Wenn ich jetzt in ner Funktion damit rechnen will, zeige ich dann mit einem Pointer auf einen Pointer?


----------



## xEbo (8. Juni 2012)

Bei dynamischen Objekten empfiehlt es sich aus den Instanzen eine Liste zu machen. Das Problem was auftritt wenn du einenen Array anlegst, du kannst nicht einfach Objekte löschen. Ein Ball der bspw. auf einem Spielfeld ist bleibt nicht zwingend auf dem Spielfeld und muss ggf. "zerstört" werden.
Daher nimmst du deine Struktur und setzt ein oder 2 neue pointer. Die Pointer zeigen dann immer auf das nächste oder vorhergende Objekt. Nennt sich dann verkettete Liste. Du musst dann nurnoch das erste Objekt in der Liste speichern und kannst von dort aus die gesamte Liste durchgehen und deine Attribute setzen. Ein neues Element hinzufügen ist keine Problem, eines entfernen auch nicht. Mit einem new [] ist das so ohne weiteres nicht leicht zu realisieren.

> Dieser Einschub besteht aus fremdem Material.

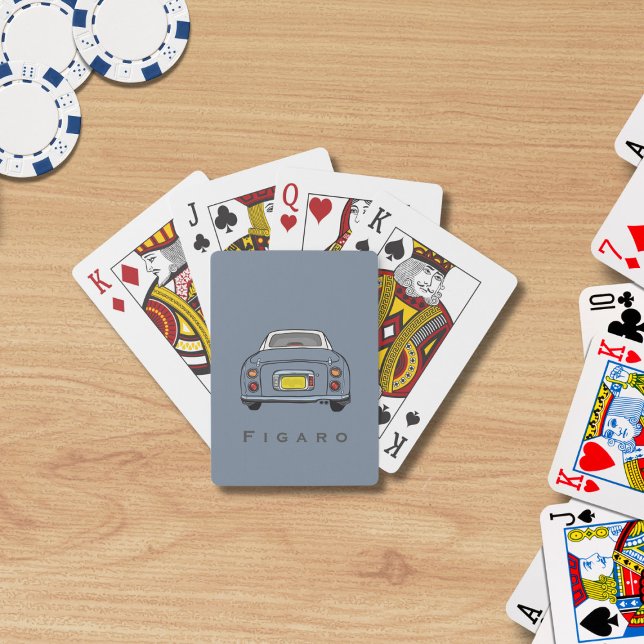 Jeu De Cartes Nom de voiture Lapis Grey FIgaro Playing Cards (Figarations Lapis Grey Figaro Car Playing Cards with space for your name)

Ein kleiner Hinweis am Rande: der Befehl new ist C++ Sprachraum während struct C Sprachraum ist. Beides vermischen ist kein guter Stil und kann unter anderem die Portierbarkeit deines Codes einschränken. Daher entweder C++ class nehmen oder malloc() für C.


----------



## bingo88 (8. Juni 2012)

> Ein kleiner Hinweis am Rande: der Befehl new ist C++ Sprachraum während  struct C Sprachraum ist. Beides vermischen ist kein guter Stil und kann  unter anderem die Portierbarkeit deines Codes einschränken. Daher  entweder C++ class nehmen oder malloc() für C.


Nein. In C++ ist struct dasselbe wie class, nur das per Default alle Attribute bei struct public sind.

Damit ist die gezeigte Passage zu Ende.